All in all I think this book fine
And as Doug ends his lines, I mine.
Whitegrove
Eugene Onegin is the pinnacle of Russian literature. This hundred-page poem is embedded in Russian brains. Imagine high school nerds repeating the "dead parrot" skit from Monty Python. Now imagine that for all Python skits, the whole population could do that. Eugene Onegin is ubiquitous in Russia. A tale of love and longing, fair maid Tatyana pursues her Romeo. "Romeo" is named Eugene Onegin and he is a decent enough playboy prince. The story is classic, particularly the sections of dialog between Tatyana and Eugene. School children should study their exchanges, which would fit neatly into a forty-minute class. Perhaps, in doing so, literature would score rare points over "Malcolm in the Middle". I read this poem out of admiration for Hofstadter, the translator, a cognitive scientist, Pulitzer Prize winner and all around Einstein. "Godel, Escher, Bach" (1979) earned Hofstadter immortality at a young age.
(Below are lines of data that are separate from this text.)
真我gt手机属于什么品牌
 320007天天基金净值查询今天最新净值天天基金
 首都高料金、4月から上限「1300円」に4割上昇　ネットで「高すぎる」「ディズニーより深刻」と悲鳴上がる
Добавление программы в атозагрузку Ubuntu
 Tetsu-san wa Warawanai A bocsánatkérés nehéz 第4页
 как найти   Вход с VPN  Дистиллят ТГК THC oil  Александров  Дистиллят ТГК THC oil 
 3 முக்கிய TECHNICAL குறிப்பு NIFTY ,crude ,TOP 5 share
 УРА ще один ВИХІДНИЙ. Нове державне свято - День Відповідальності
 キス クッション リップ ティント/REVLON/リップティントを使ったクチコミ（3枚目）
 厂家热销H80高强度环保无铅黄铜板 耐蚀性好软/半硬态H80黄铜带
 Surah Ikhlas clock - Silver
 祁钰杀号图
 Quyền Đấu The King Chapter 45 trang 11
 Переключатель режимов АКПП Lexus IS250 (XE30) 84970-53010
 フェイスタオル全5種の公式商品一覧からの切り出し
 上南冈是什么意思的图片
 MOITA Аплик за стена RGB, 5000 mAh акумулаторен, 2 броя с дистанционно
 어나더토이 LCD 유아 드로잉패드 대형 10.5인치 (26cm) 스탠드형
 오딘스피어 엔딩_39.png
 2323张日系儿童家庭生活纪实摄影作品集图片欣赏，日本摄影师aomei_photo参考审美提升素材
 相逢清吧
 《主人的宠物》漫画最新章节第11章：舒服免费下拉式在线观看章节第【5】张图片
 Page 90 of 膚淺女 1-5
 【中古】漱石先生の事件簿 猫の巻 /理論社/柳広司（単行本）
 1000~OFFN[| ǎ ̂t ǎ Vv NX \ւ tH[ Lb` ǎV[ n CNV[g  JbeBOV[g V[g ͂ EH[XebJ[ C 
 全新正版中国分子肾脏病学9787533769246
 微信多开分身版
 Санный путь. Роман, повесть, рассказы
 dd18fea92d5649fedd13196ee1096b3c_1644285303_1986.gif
If you wish to think deeply, let Hofstadter guide you with his science and philosophy. Hofstadter claims the definitive translation of Eugene Onegin is that of James Fallen. Thus, Hofstadter was liberated to translate liberally and with personal pinache. Admittedly, I haven't memorized the stanzas, so perhaps something was lost in translation. Nonetheless, I'll guarantee that you will finish this poem if you make it half way through. Shakespeare himself would not complain at losing a few days of English instruction to Russia's Pushkin, as the conclusion brings a smile to the dead.
Inertedub
Sure, Pushkin had fun with his Russian, and why shouldn't a translator carry that playfulness into his translation. But damn, I found it way too distracting. The introduction by Hofstadter was very interesting and conveyed his love and dedication to this novel; my hopes were high for an enjoyable ride. But I found the novel too dificult to follow, and the clever translation distracting. Hofstadter himself recommends a translation by Falen, and I concur, finding it much easier to follow.